In search of the financial phenomena that change everything

Sjak Vennix – Manager Thematic Investigations Global Intelligence & Response

By far the majority of the 9 million customers are honest. But to keep money on the right track, you have to track down the few customers who are not. It is often a needle in a haystack, but that doesn't stop Sjak Vennix at all. He and his team take a close look at modern phenomena such as cryptocurrencies and new fintech companies. With his years of experience at the bank, his enthusiasm seems to keep growing. One day he will write a book about it, but for now he shares his experiences here.

KYC: a comprehensive profession

KYC has fascinated Sjak for a long time. “I have always had to deal with it. In 2010, I started at a local Rabobank, when KYC was an A4 sheet with a list to tick off. I checked that process. It is incredible how the field has developed in the past 10 years. The last few years in particular have been a growth spurt. What’s great about KYC is that it is always changing and it affects the whole bank. We are involved in all chains because customers use all products. One day I will write a book about it, as complex as it is.”

“The profession reaches far beyond the bank. We have a legal obligation to be the gatekeeper of the financial system. To detect financial flows that are illegal or connected to criminal activities and pass them on to the investigating authorities. Besides our legal obligation and social function, it is also in the interest of our customers to know who we have on our books. We can then protect and serve them better.”

My team examines clients for whom there is no policy yet. That is a creative process, we are really exploring.
Sjak Vennix – Manager Thematic Investigations Global Intelligence & Response

Exploring new worlds

“By far the majority of our customers are honest, but it’s the excesses that matter. You want to get them out of your customer base. My team investigates clients for whom there is no policy yet. That is a creative process, we are really exploring. Based on sources, conversations inside and outside the bank, we come up with ideas. We find out the new ways of handling money from people with different intentions. Then we determine how we have to adjust processes and policies in such a way that we mitigate the risks associated with these new developments.”

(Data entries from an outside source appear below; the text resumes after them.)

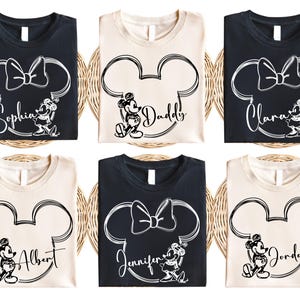 a set of four mickey mouse shirts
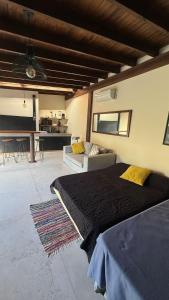a bedroom with a bed and a couch and a table at Florida Private loft, shared garden pool in Florida +36 photos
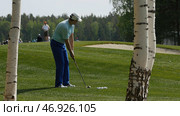 Golfers hit sweeping golf course in the summer. Стоковое фото, фотограф David Kashakhi / Фотобанк Лори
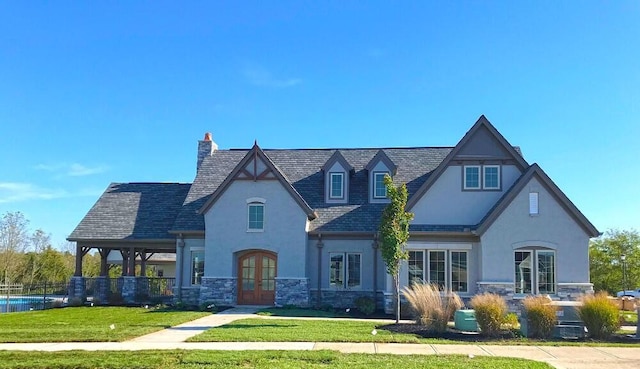 view of front of house featuring a front lawn, stucco siding, french doors, and stone siding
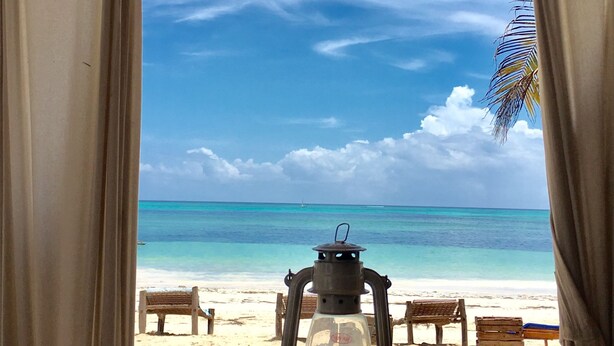 Vista da praia pela janela, com um candeeiro no parapeito.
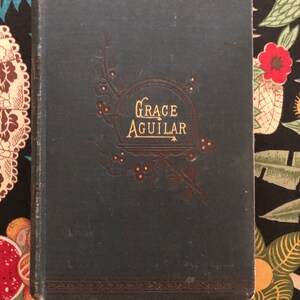 May include: A dark blue book with gold lettering on the cover. The title is "GRACE AGUILAR" and is surrounded by a decorative border.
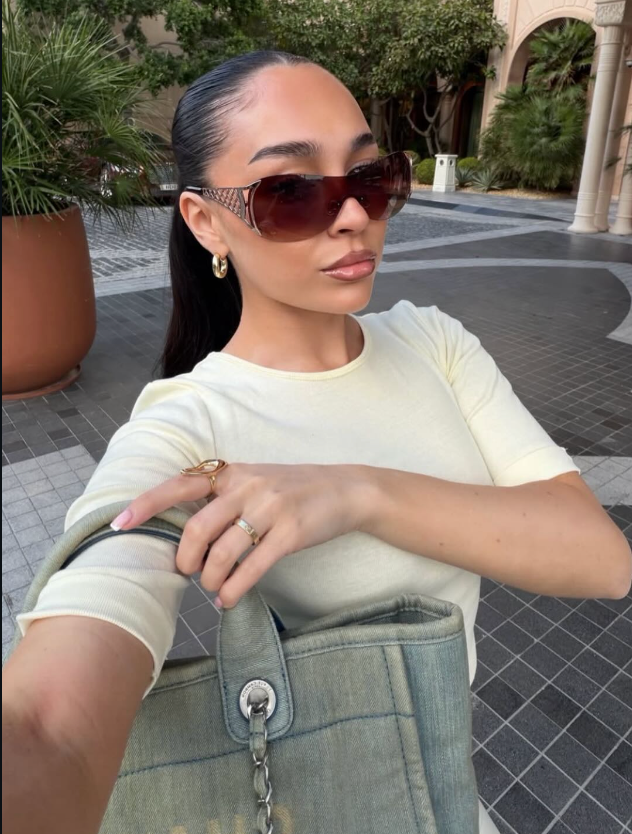 Woman wearing sunglasses and a light-colored top outdoors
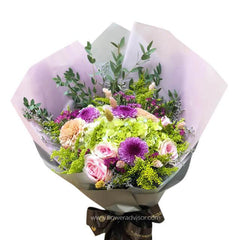 Bouquet with peach hydrangeas, purple flowers, pink roses, and lush green foliage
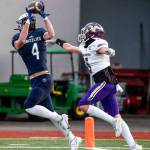 Glacier Peaks Cooper Jensen makes a touchdown reception against Lake Stevens Alexander Davis Thursday night at Veterans Memorial Stadium in Snohomish on April 1, 2021. (Kevin Clark / The Herald)
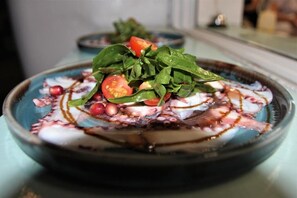 A bowl of food with spinach, cherry tomatoes, and octopus on a plate. - Hotel Saranda (Sarandë)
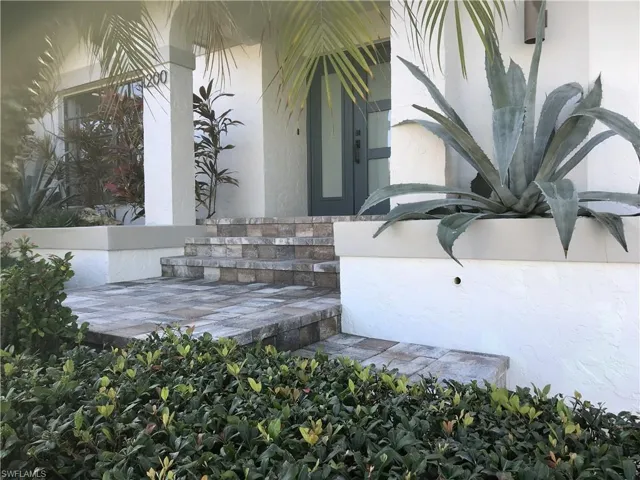 Property entrance with stucco siding and stone siding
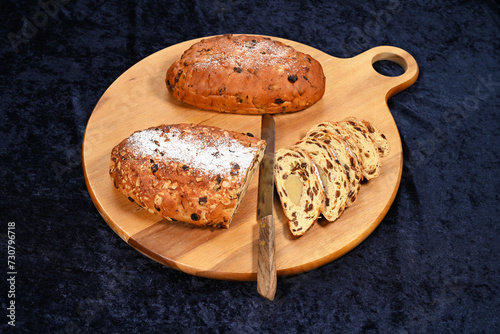 Christmas stollen served on a wooden board. Kerststol is a traditional Dutch oval-shaped fruited Christmas bread is eaten during the holidays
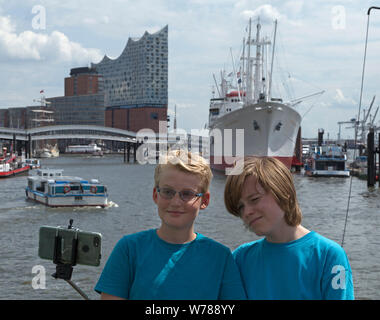 Les adolescents pendant l'étude d'une langue prise voyage autoportraits en face de la Philharmonie de l'Elbe, Hambourg, Allemagne Banque D'Images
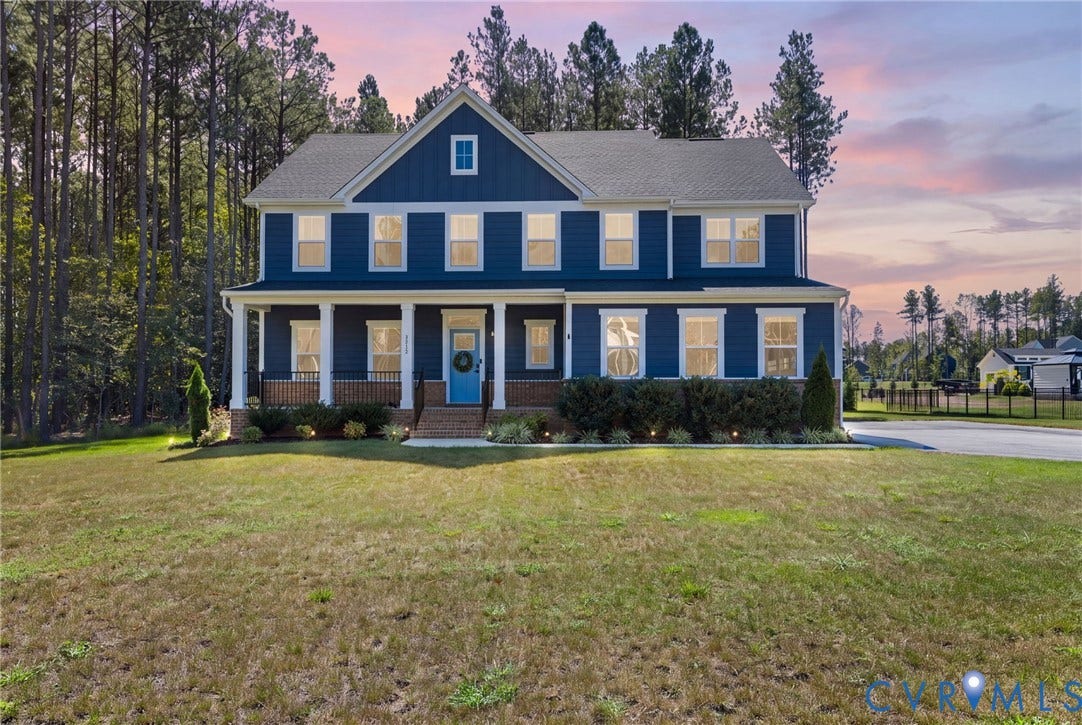 8618 McKibben Drive, The Highlands, Chesterfield, VA 23838 Two-story residence featuring a deep blue exterior, white-trimmed windows, a columned front porch, and a light blue front door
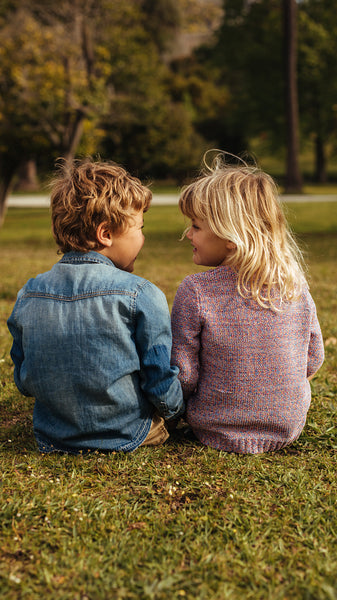 Siblings sitting on the grass and looking at each other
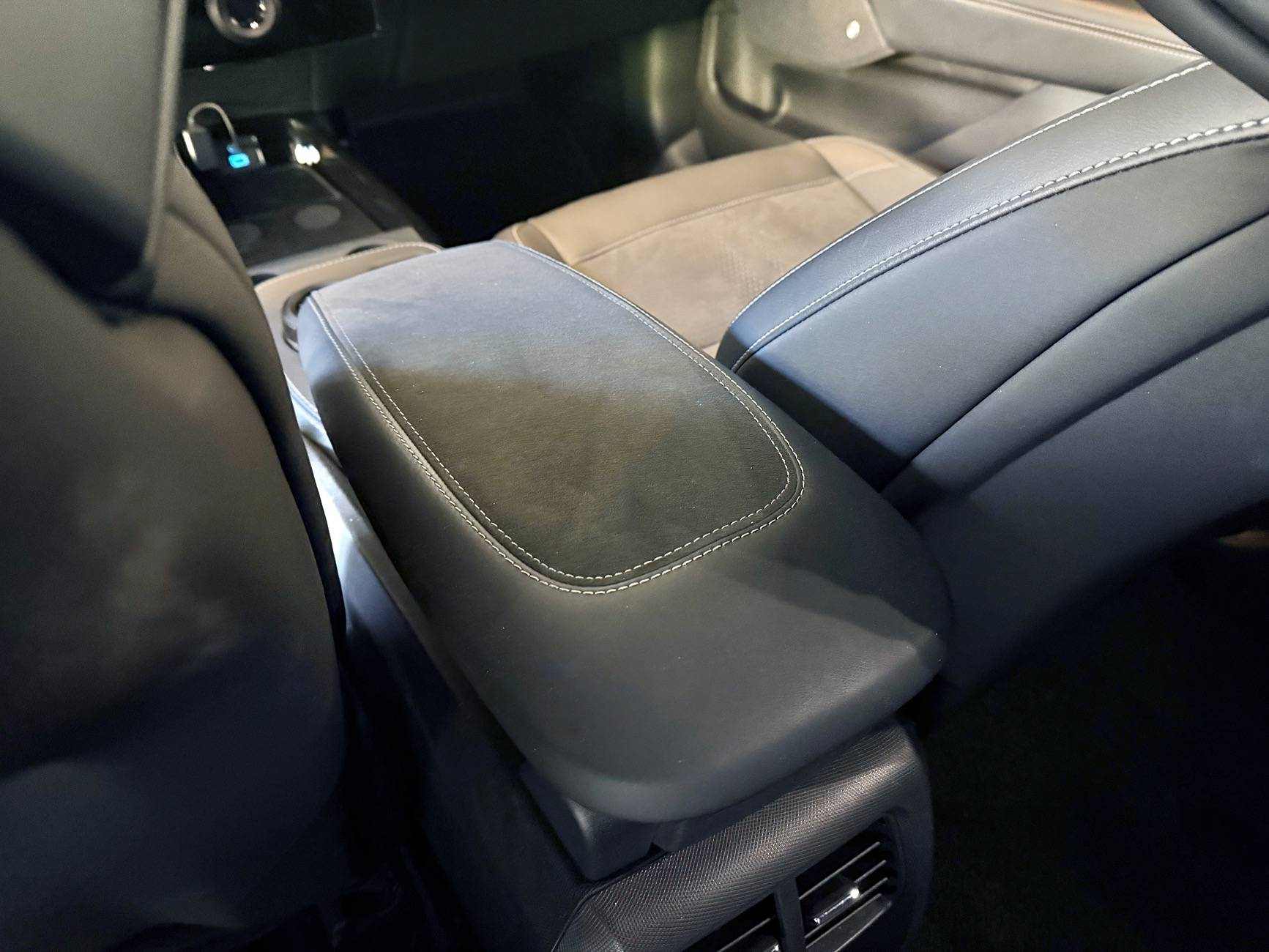 Custom-made armrest with premium Alcantara and leather, enhanced comfort, personalized stitching, and logo customization.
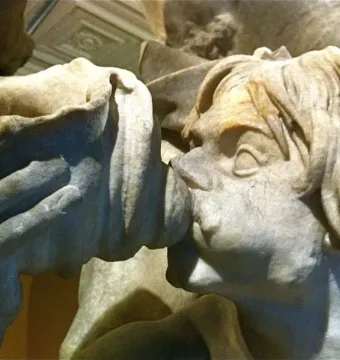 Detail of Bernini\'s Neptune and Triton showing Triton in profile blowing a shell.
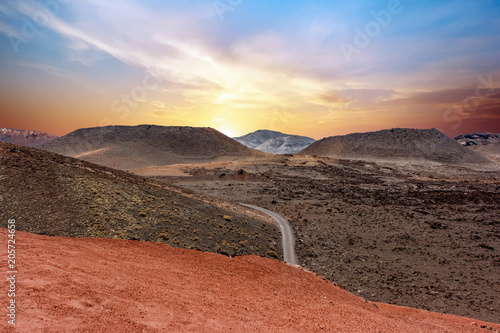 A road crossing the Timanfaya National Park at sunset. Lanzarote, Canary Islands, Spain. photo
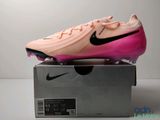 un gros plan sur une paire de chaussures roses et noires posées sur une boîte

“For KYC, you really have to be able to put yourself in the customer’s shoes,” Sjak continues. “I am curious by nature and interested in people. As a manager, those qualities also come in handy. I manage a team of 20 analysts who deal with modern phenomena in the financial world. Phenomena about which little is yet known, but which potentially have a great deal of influence on our financial system.”

Concealing cryptocurrencies and fintechs

Sjak mentions a number of themes he is working on: “Cryptocurrencies, for example, are quite concealing. As a bank, we are involved at the start and end point: someone transfers money to or receives money from a crypto provider. We do not see what happens in between in the wallets. The function we traditionally had in the chain is changing. Crypto currencies make it more difficult to determine the origin of assets. And the huge highs and lows in crypto prices affect what is still ‘normal’. We must continue to ask ourselves: what is still logical and plausible? When is something suspicious?”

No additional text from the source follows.